The Frontend Performance Playbook: Core Web Vitals in 2025
INP replaced FID. New CWV thresholds are live. Here's how to pass all three signals on a modern Next.js stack.
Core Web Vitals are now a confirmed Google ranking signal, and the bar keeps moving. INP (Interaction to Next Paint) replaced FID in March 2024 and is significantly harder to pass. If your CWV scores haven't been reviewed in 2025, the chances are you're failing at least one — and losing both rankings and conversions.
The three signals and their 2025 thresholds
LCP (Largest Contentful Paint): under 2.5 seconds. INP (Interaction to Next Paint): under 200 milliseconds. CLS (Cumulative Layout Shift): under 0.1. These are P75 thresholds — 75% of your real users need to hit them, not just your lab measurements. Passing in Lighthouse and failing in CrUX is the most common disconnect teams don't diagnose until their rankings drop.

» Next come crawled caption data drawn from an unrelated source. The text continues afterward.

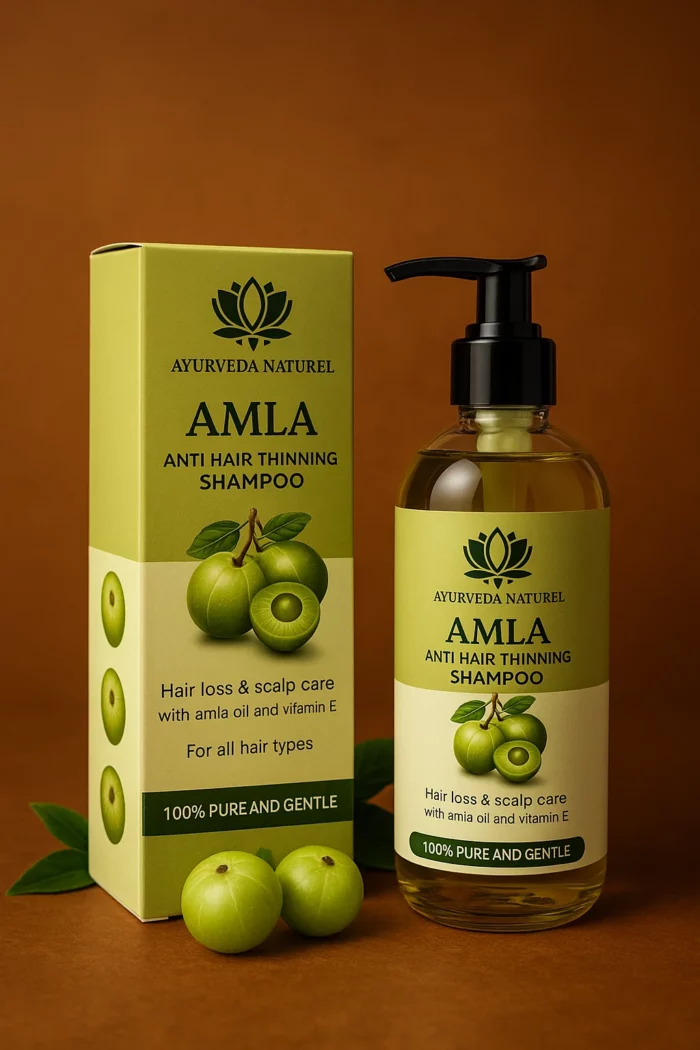 Soin du cuir chevelu & stimulation de la pousse À l’Amla riche en vitamine C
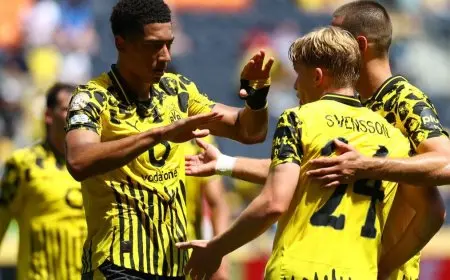 ما الذي دفع نجم دورتموند للجلوس في حافلة ريال مدريد قبيل مواجهة سان جيرمان؟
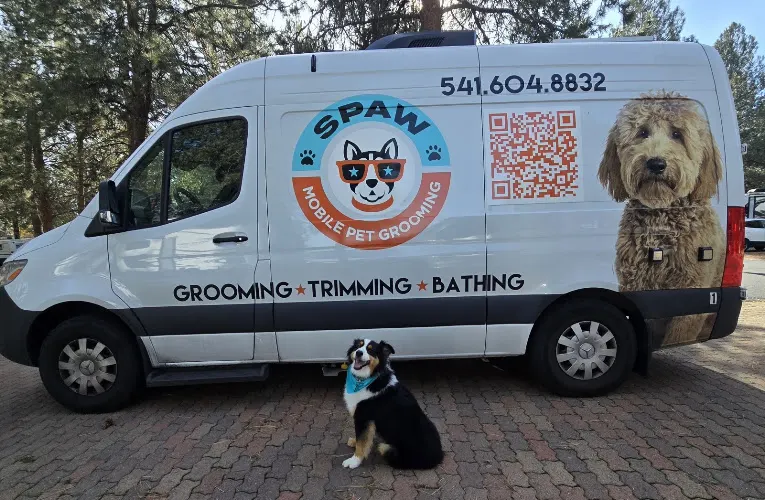 SPAW Mobile Pet Grooming - Image 1
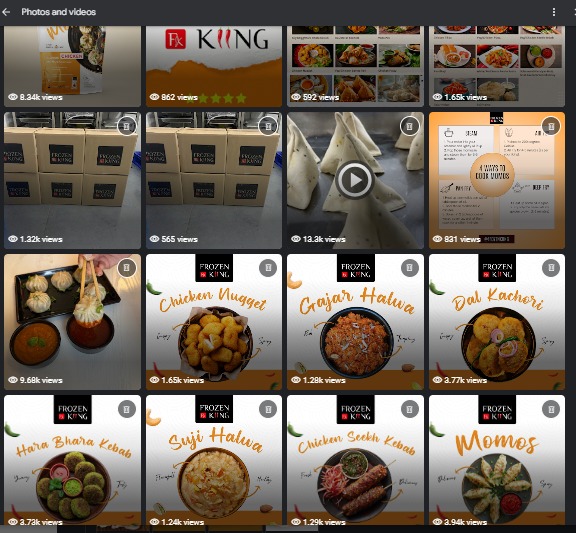 Client result screenshot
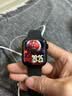 Apple/苹果 Watch S11 智能手表GPS款42毫米亮黑色铝金属表壳黑色运动型表带M/L MEUA4CH/B 实拍图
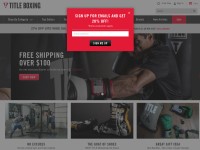 Desktop screenshot for titleboxing.com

Fixing LCP: the hero image problem
LCP is almost always the hero image or heading. The common failure modes: the image is lazy-loaded (it shouldn't be — hero images should be `priority` in Next.js Image), the image is not preloaded in `<head>`, the server response is slow, or the image is unnecessarily large. Fix order: preload the LCP resource, serve it from a CDN, use modern formats (AVIF > WebP > JPEG), and ensure the server TTFB is under 600ms.
INP: the 200ms budget
INP measures the worst interaction delay across the page session. Every click, keystroke, or tap must produce a visual response within 200ms. The most common culprits: long JavaScript tasks blocking the main thread, React re-renders triggered by global state updates, third-party scripts (analytics, ads, chat widgets) that execute on the main thread, and event handlers that do too much synchronous work. Use Chrome DevTools' Performance panel to find interactions with high INP values — they're reported with the offending task highlighted.
Breaking up long tasks
Any JavaScript task over 50ms is a 'long task' that can delay input response. The fix is task yielding — breaking long tasks into smaller chunks using `scheduler.yield()` (or `setTimeout(0)` as a fallback). In React, use `useTransition` to mark non-urgent state updates, `useDeferredValue` for derived state, and `startTransition` to defer expensive renders. These primitives existed before INP — INP finally gives teams a measurable reason to use them.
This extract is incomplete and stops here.